Appleby has been a streaky, mercurial player for Florida in two seasons on the court in Gainesville, with his quickness and agility helping make him an often menacing defender but his spotty decision-making and inconsistent shot helping make him an enigmatic offensive player.
Appleby scored 15 or more points eight times in the 2021-22 season, with two three-game streaks of such production, and had both five- and four-game outbursts with three or more made threes. And even when he did not make many threes, the ones he did hit could be huge: His lone three against Ohio State was a buzzer-beating game-winner, and he also made important threes against Missouri and Ole Miss in consecutive close games in which he went a combined 2-for-8 from distance.
But he also committed four or more turnovers 10 times, and notably did not score in Florida’s road loss to Kentucky (a game, albeit, in which he played just eight minutes, suffering an injury early in the first half) or its SEC Tournament meeting with Texas A&M, an overtime game in which he played 20 minutes but was largely absent from the Gators’ second-half rally.
Appleby is a passionate and emotional player, one whom the Gators rallied around often — but his performance has hewn closely to many of the clichés about athletes like that, alternately delighting and frustrating observers of it.

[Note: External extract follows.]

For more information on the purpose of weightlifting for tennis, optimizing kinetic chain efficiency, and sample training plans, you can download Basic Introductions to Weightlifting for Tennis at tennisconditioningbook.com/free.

If Appleby returns to Florida, he would likely be a lead guard for new head coach Todd Golden, whose offenses at San Francisco distributed usage among multiple ball-handlers.
If Appleby does not return to Florida, the obvious leading contender for his next season of college basketball would be Georgia, given that former Florida coach Mike White’s pre-existing ties with Appleby’s older brother Raheem — who played for White at Louisiana Tech — were instrumental in his transfer from Cleveland State to Florida.
Appleby should have one season of collegiate eligibility remaining, thanks to the NCAA’s so-called “COVID year,” which allows some athletes to compete for five seasons if their career overlapped with the COVID-interrupted 2019-20 academic year. Appleby sat out that season after his transfer, but would be covered under the same provisions.